[Dataset records]
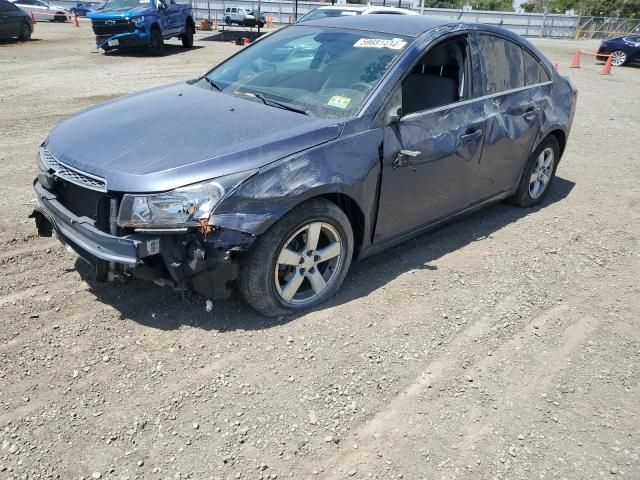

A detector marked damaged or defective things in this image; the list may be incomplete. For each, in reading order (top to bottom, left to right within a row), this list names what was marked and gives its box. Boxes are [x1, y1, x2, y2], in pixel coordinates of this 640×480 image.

crumpled front bumper [31, 182, 160, 268]
broken headlight [117, 171, 255, 229]
crushed hood [45, 83, 342, 193]
damaged gray sedan [32, 15, 576, 316]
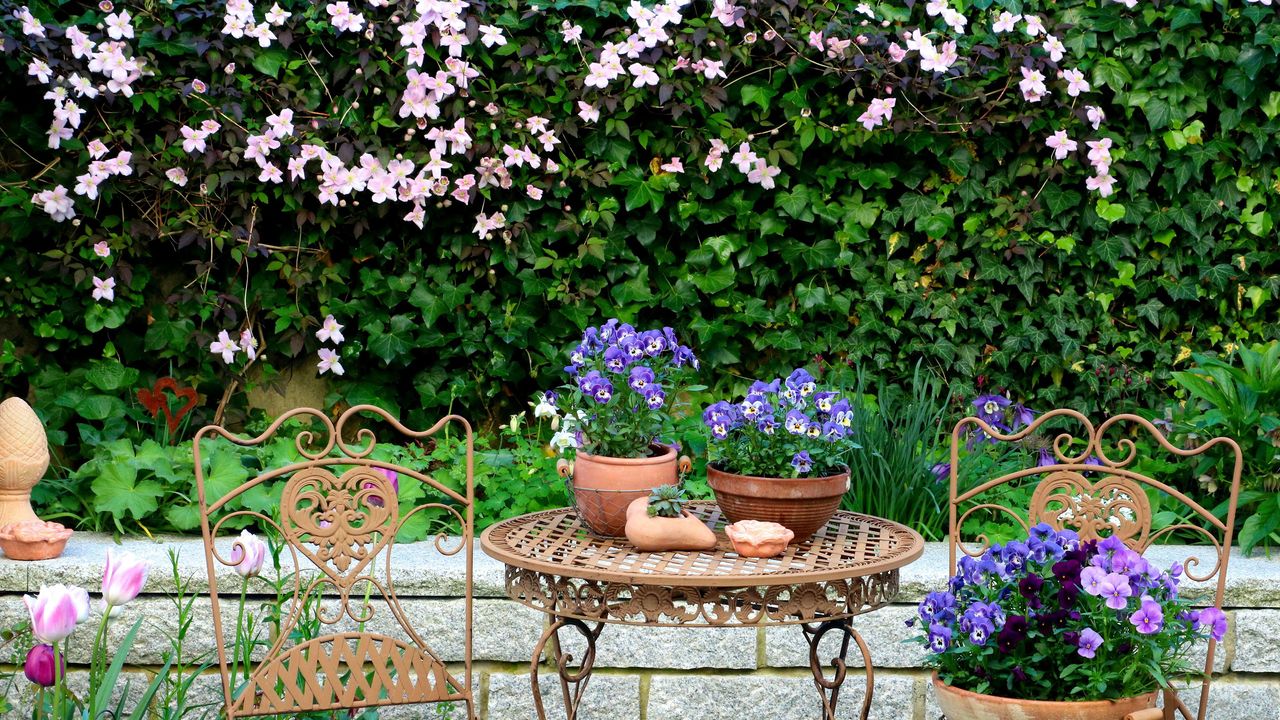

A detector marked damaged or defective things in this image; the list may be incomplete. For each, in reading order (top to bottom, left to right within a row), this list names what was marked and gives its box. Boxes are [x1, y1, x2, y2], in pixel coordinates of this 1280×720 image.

REQUIREMENT: All the records above must be retyped exactly, except for their pictures.

RESULT:
A detector marked damaged or defective things in this image; the list may be incomplete. For each, in reading order (top to bottom, left to right within a row), this list names what was marked and gives its box. Boxes are [x1, y1, x2, y2], in pixel coordinates of this 640×480 image.

crumpled front bumper [31, 182, 160, 268]
broken headlight [117, 171, 255, 229]
crushed hood [45, 83, 342, 193]
damaged gray sedan [32, 15, 576, 316]

A detector marked damaged or defective things in this image; the list may be incomplete. For each, in reading order (top to bottom, left to right within a row), this list names what was marked and gives its box. Boxes are [x1, y1, x2, y2], in pixel coordinates of this 1280×720 image.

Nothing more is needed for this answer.